L’immagine di M87 che gli scienziati dell’EHT hanno presentato nel 2019 è stata una pietra miliare, ma il dottor Avery Broderick, astrofisico del Perimeter Institute e dell’Università di Waterloo, e i suoi colleghi ritenevano di poter affinare l’immagine e trarre nuovi spunti lavorando in modo più intelligente, non più difficile.

Hanno applicato nuove tecniche software per ricostruire i dati originali del 2017 alla ricerca di fenomeni che le teorie e i modelli prevedevano si nascondessero sotto la superficie.

La nuova immagine risultante raffigura l’anello di fotoni, composto da una serie di sotto-anelli sempre più nitidi, che hanno poi impilato per ottenere l’immagine completa.

Abbiamo spento il faro per vedere le lucciole“, ha detto il dottor Broderick.

Siamo riusciti a fare qualcosa di profondo: risolvere una firma fondamentale della gravità intorno a un buco nero“.

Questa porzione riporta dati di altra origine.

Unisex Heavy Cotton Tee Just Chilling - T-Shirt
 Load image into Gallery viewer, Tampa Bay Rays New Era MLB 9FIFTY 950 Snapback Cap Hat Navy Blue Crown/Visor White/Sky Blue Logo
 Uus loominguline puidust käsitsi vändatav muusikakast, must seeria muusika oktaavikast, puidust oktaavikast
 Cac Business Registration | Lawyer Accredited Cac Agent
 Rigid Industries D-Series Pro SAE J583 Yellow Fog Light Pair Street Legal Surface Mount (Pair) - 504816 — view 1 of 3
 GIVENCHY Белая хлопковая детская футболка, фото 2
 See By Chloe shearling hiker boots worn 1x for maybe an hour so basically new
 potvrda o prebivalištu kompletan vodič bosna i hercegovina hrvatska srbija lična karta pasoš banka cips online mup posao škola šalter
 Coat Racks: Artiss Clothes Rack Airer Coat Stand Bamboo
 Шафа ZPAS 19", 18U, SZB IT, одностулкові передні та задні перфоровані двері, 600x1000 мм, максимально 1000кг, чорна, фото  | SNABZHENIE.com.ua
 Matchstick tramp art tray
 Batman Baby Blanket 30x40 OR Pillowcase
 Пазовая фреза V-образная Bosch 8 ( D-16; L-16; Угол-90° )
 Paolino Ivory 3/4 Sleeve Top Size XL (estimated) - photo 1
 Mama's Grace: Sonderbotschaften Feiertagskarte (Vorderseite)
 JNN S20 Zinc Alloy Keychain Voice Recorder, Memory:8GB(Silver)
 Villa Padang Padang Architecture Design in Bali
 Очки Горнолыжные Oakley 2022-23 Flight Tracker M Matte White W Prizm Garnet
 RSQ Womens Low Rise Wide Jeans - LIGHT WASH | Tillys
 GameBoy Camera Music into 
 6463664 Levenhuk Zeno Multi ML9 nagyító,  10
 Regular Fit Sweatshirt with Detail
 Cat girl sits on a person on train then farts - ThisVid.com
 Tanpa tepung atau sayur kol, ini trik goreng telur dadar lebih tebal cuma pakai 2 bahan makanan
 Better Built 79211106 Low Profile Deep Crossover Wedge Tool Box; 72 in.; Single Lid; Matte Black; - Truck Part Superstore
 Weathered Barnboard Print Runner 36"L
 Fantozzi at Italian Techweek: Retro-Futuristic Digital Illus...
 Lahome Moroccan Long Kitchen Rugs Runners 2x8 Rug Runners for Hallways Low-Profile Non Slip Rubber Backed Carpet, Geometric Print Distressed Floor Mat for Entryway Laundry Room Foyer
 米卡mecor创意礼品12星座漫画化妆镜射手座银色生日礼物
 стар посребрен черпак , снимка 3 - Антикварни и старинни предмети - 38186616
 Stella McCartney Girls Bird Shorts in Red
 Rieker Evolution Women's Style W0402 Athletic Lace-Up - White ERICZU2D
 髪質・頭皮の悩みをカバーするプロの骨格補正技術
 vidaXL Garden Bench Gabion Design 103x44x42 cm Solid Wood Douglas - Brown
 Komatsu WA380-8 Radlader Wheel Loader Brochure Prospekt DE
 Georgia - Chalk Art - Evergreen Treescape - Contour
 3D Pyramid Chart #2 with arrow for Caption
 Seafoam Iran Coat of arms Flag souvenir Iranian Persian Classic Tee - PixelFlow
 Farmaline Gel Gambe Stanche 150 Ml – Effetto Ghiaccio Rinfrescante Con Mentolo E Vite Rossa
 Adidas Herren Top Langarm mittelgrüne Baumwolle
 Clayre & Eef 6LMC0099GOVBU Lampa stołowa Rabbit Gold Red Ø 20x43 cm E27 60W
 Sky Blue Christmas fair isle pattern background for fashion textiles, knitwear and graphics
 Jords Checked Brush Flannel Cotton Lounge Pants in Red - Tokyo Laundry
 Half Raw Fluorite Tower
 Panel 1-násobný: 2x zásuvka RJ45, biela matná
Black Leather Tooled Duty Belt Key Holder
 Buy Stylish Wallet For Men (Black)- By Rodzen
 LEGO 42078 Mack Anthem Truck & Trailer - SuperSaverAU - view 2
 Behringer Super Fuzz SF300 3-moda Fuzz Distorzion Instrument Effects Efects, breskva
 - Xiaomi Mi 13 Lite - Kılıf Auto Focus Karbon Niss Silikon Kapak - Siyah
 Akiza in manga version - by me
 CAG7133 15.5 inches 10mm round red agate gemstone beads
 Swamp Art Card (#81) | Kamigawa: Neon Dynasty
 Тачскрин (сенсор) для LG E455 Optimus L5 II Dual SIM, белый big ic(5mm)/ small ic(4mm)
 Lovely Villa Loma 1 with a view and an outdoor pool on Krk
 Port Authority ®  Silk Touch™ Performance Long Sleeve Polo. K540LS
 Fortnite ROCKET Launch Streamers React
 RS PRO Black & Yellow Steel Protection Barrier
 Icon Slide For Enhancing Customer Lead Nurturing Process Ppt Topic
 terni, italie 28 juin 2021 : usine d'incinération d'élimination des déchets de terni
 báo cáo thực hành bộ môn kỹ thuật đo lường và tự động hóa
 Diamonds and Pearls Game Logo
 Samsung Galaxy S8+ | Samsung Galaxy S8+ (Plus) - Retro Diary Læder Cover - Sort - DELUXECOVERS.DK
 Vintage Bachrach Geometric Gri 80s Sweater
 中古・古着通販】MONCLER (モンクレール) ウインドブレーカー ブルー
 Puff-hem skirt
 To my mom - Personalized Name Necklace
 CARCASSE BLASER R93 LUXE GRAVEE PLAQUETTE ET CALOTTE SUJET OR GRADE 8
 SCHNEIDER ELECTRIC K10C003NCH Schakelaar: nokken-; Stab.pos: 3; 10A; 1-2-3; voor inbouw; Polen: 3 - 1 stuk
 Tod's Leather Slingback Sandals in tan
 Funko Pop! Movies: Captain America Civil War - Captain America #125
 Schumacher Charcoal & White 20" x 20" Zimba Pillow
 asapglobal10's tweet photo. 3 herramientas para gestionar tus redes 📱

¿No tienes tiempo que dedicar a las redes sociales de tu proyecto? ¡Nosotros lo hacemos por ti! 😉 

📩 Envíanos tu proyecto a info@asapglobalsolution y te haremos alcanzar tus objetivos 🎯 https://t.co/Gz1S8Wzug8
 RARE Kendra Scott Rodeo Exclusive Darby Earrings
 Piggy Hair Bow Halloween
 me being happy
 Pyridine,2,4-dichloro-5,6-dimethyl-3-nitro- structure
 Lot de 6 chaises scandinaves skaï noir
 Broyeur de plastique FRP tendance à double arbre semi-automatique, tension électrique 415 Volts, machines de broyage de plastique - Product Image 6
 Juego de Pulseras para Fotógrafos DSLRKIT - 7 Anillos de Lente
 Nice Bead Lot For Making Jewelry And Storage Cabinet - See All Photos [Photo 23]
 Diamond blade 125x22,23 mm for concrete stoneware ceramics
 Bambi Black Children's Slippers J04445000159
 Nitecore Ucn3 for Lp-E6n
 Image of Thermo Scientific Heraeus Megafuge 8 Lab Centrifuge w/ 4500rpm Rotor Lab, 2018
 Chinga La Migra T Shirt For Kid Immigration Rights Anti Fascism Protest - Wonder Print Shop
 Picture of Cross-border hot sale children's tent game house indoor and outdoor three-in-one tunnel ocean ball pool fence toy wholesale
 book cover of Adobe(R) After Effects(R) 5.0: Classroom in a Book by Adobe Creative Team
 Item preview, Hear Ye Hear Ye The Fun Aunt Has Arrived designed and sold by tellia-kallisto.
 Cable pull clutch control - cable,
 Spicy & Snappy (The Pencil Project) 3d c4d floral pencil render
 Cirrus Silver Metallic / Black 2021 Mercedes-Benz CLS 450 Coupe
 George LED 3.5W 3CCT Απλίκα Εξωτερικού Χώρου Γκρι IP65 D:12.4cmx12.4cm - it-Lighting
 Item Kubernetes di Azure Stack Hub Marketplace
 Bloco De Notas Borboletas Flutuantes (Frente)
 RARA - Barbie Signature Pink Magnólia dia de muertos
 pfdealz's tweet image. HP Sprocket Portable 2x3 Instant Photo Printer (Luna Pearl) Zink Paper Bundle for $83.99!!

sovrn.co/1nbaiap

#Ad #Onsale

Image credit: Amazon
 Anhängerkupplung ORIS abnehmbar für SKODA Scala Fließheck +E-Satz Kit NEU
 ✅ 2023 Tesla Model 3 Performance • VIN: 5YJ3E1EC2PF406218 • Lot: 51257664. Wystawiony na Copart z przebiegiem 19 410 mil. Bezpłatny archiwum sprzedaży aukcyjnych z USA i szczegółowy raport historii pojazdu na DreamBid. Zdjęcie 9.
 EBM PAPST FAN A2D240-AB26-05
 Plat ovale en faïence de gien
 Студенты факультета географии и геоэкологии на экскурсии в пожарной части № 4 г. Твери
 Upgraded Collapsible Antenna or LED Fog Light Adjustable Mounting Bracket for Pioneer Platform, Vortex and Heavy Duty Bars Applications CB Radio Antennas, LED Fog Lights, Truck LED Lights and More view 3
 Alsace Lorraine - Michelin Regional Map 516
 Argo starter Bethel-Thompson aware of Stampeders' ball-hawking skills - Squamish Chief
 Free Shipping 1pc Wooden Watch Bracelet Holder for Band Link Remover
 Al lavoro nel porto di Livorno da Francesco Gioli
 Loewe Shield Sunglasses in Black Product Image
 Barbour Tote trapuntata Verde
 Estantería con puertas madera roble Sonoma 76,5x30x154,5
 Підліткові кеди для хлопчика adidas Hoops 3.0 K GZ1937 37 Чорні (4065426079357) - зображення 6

Essenzialmente ‘staccando’ gli elementi dell’immagine, l’ambiente intorno al buco nero può essere chiaramente rivelato“, ha detto il dottor Hung-Yi Pu, astrofisico della National Taiwan Normal University.

Per raggiungere questo obiettivo, i ricercatori hanno utilizzato un nuovo algoritmo di imaging all’interno del framework di analisi EHT THEMIS per isolare ed estrarre la distinta caratteristica dell’anello dalle osservazioni originali di M87 e rilevare l’impronta rivelatrice di un potente getto che si sprigiona dal buco nero.

I risultati confermano le previsioni teoriche e offrono nuovi modi per esplorare questi oggetti misteriosi, che si ritiene risiedano nel cuore della maggior parte delle galassie.

L’approccio che abbiamo adottato consiste nello sfruttare la nostra comprensione teorica dell’aspetto di questi buchi neri per costruire un modello personalizzato per i dati dell’EHT“, ha dichiarato il dottor Dominic Pesce, astrofisico presso il Centro di astrofisica di Harvard e dello Smithsonian.

Questo modello scompone l’immagine ricostruita nei due pezzi che ci interessano di più, in modo da poterli studiare singolarmente anziché mescolarli insieme“.

Il risultato è stato possibile perché l’EHT è uno strumento computazionale“, ha detto il dottor Broderick.

Dipende dagli algoritmi come dall’acciaio. Sviluppi algoritmici all’avanguardia ci hanno permesso di sondare le caratteristiche chiave dell’immagine e di renderizzare il resto nella risoluzione nativa dell’EHT“.

Con l’aggiunta di altri telescopi e la costruzione dell’EHT di nuova generazione, la maggiore qualità e quantità di dati ci consentirà di porre vincoli più definitivi su queste firme che solo ora stiamo intravedendo“, ha dichiarato il dottor Paul Tiede, astrofisico del Centro di astrofisica di Harvard e dello Smithsonian e della Black Hole Initiative dell’Università di Harvard.

I risultati sono pubblicati sull’Astrophysical Journal.